** Work to complete **
Only the lines from the one containing "cover image of The Death of Dr. Dean" through the last line below should be written out, exactly and with both ends kept.
━━━━━━━━━━━━━━━━━━━━━━━━━━━━━━
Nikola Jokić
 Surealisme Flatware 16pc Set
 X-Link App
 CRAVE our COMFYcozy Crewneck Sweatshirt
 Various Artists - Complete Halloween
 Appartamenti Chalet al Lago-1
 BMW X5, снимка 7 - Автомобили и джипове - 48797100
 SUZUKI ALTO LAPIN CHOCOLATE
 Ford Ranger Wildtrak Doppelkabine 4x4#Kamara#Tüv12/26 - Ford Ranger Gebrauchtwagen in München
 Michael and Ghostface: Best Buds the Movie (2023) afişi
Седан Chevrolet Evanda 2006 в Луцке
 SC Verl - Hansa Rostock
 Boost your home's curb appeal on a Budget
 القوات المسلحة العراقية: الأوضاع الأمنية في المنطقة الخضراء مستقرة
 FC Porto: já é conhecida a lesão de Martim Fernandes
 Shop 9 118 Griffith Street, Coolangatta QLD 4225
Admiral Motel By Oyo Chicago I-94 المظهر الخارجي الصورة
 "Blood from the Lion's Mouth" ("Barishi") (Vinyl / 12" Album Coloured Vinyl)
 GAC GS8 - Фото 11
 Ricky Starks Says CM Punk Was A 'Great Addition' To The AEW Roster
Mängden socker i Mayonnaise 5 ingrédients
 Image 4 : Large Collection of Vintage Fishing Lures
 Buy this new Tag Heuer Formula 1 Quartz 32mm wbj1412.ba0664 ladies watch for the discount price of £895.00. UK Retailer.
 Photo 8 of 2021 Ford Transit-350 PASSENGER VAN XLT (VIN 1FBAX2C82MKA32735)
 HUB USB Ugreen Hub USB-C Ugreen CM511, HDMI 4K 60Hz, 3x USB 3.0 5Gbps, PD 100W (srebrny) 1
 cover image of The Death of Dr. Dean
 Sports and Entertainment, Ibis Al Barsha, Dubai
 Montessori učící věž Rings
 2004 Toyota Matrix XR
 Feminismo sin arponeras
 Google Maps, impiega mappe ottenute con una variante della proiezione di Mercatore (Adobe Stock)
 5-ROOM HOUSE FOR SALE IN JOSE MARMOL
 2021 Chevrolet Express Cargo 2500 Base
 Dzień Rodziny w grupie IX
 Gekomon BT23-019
━━━━━━━━━━━━━━━━━━━━━━━━━━━━━━
** Exercise answer **
 cover image of The Death of Dr. Dean
 Sports and Entertainment, Ibis Al Barsha, Dubai
 Montessori učící věž Rings
 2004 Toyota Matrix XR
 Feminismo sin arponeras
 Google Maps, impiega mappe ottenute con una variante della proiezione di Mercatore (Adobe Stock)
 5-ROOM HOUSE FOR SALE IN JOSE MARMOL
 2021 Chevrolet Express Cargo 2500 Base
 Dzień Rodziny w grupie IX
 Gekomon BT23-019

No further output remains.